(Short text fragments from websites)
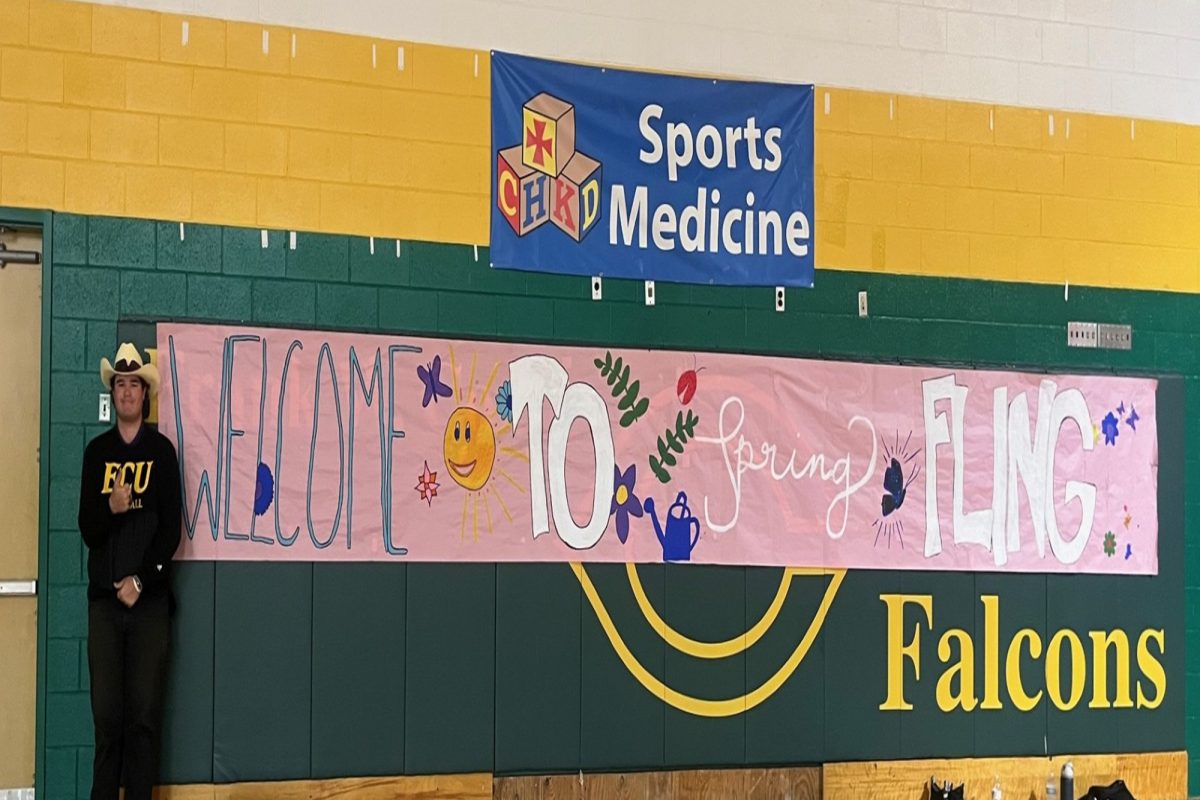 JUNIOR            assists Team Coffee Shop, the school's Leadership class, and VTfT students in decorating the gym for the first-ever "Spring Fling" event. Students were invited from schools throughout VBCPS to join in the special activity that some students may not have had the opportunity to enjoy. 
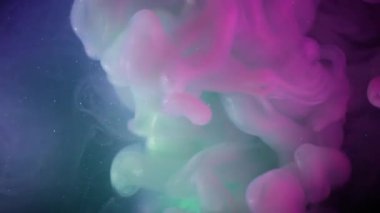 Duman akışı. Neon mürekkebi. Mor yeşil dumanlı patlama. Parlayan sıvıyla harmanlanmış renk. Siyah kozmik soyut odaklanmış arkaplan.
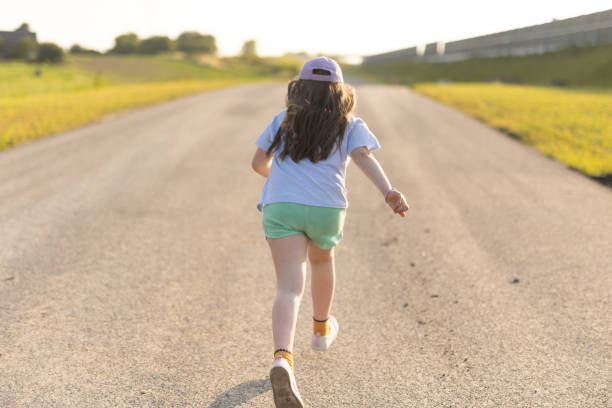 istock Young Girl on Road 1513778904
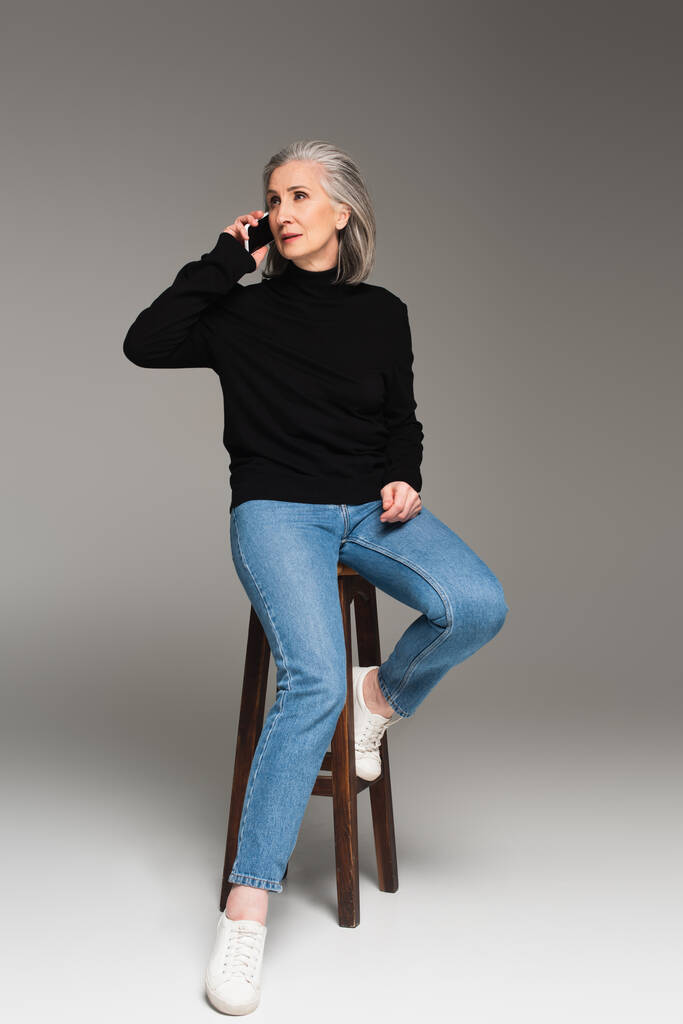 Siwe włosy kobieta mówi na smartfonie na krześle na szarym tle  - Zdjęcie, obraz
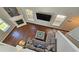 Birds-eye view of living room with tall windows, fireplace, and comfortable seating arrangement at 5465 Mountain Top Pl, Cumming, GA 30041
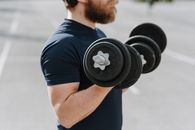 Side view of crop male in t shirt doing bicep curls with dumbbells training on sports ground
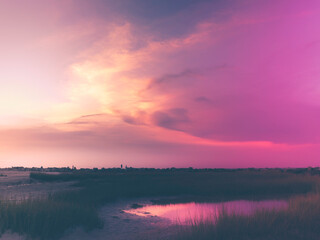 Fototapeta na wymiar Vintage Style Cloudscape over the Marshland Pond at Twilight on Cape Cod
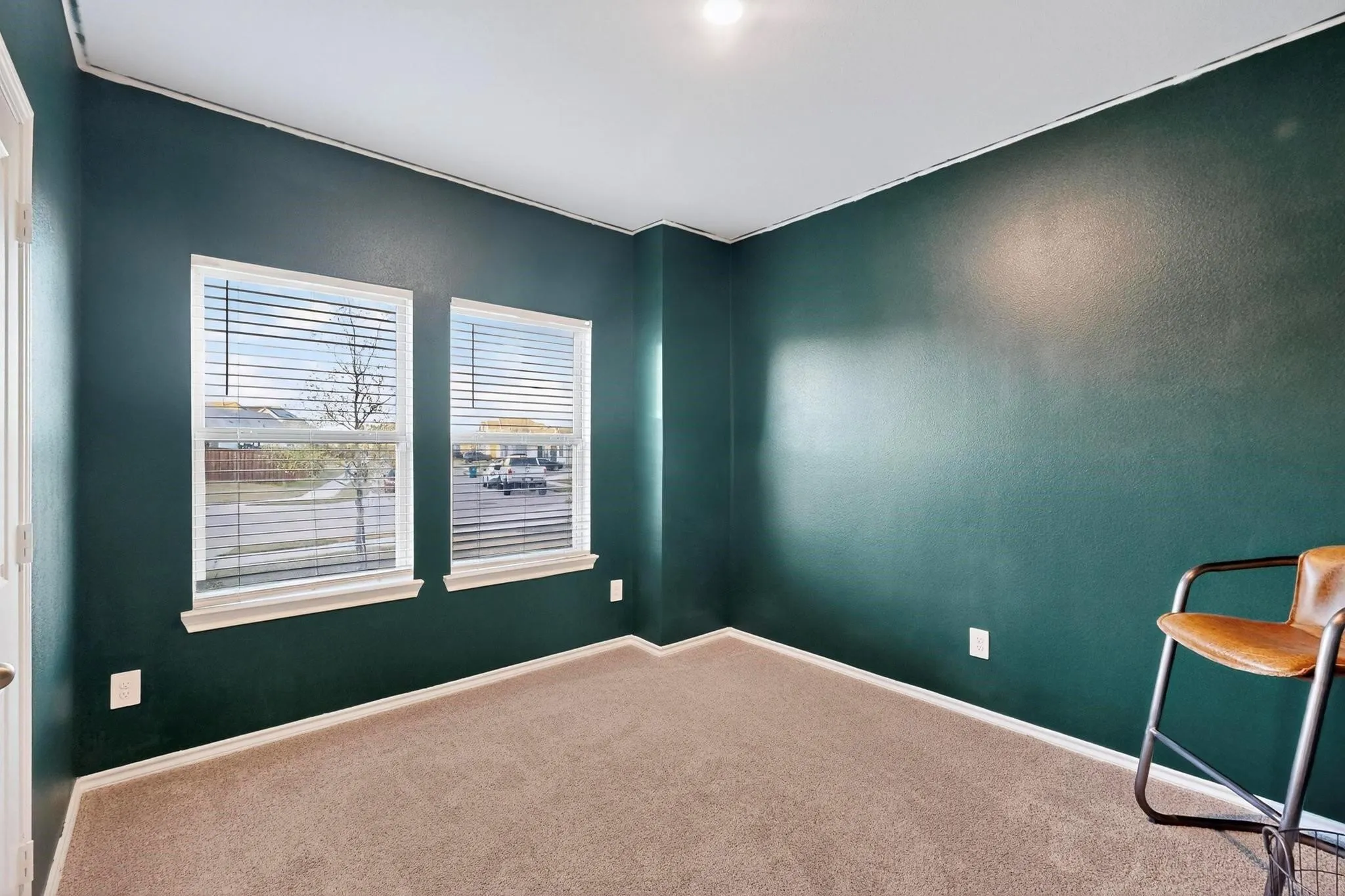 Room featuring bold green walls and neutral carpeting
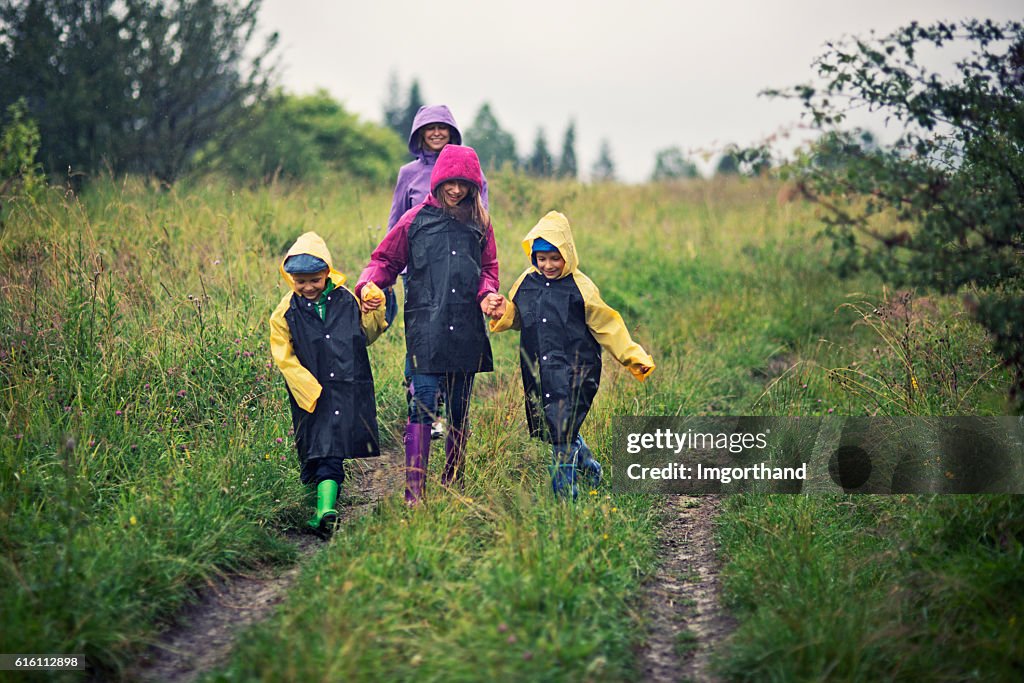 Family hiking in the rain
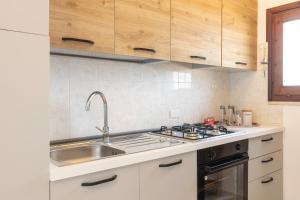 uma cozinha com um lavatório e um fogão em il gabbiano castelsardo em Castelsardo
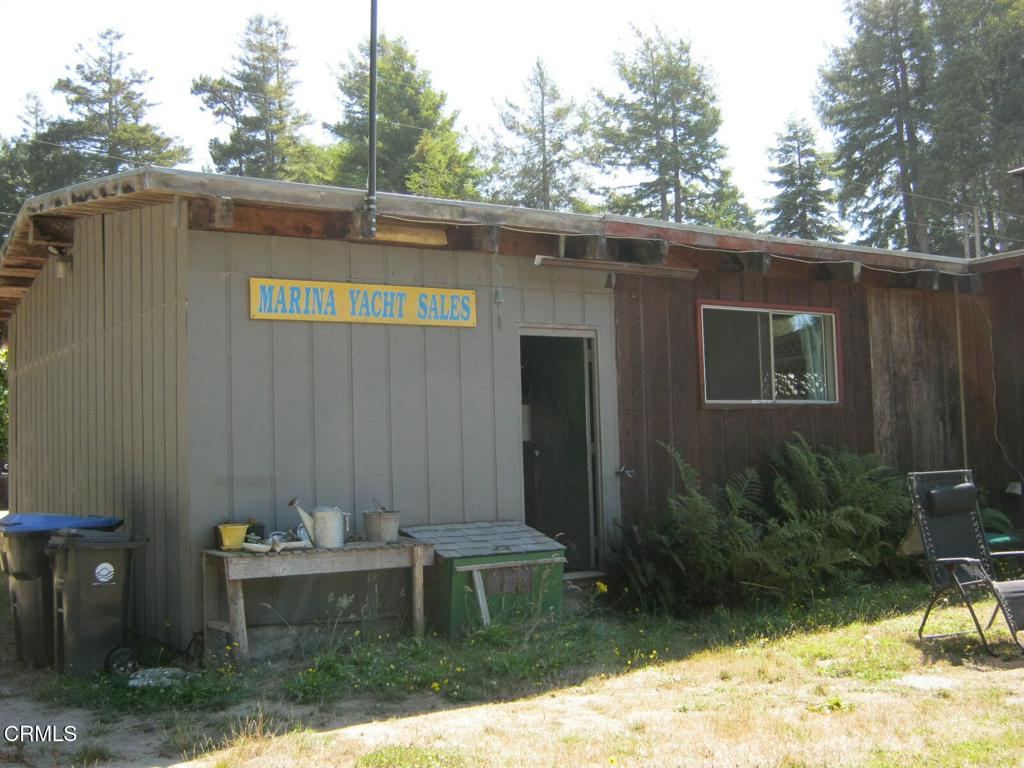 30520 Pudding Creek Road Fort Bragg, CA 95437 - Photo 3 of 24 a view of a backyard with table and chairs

PROMPT = Reproduce all entries exactly. Pictures do not belong in the copy.

YOUR RESPONSE =
 JUNIOR            assists Team Coffee Shop, the school's Leadership class, and VTfT students in decorating the gym for the first-ever "Spring Fling" event. Students were invited from schools throughout VBCPS to join in the special activity that some students may not have had the opportunity to enjoy. 
 Duman akışı. Neon mürekkebi. Mor yeşil dumanlı patlama. Parlayan sıvıyla harmanlanmış renk. Siyah kozmik soyut odaklanmış arkaplan.
 istock Young Girl on Road 1513778904
 Siwe włosy kobieta mówi na smartfonie na krześle na szarym tle  - Zdjęcie, obraz
 Birds-eye view of living room with tall windows, fireplace, and comfortable seating arrangement at 5465 Mountain Top Pl, Cumming, GA 30041
 Side view of crop male in t shirt doing bicep curls with dumbbells training on sports ground
 Fototapeta na wymiar Vintage Style Cloudscape over the Marshland Pond at Twilight on Cape Cod
 Room featuring bold green walls and neutral carpeting
 Family hiking in the rain
 uma cozinha com um lavatório e um fogão em il gabbiano castelsardo em Castelsardo
 30520 Pudding Creek Road Fort Bragg, CA 95437 - Photo 3 of 24 a view of a backyard with table and chairs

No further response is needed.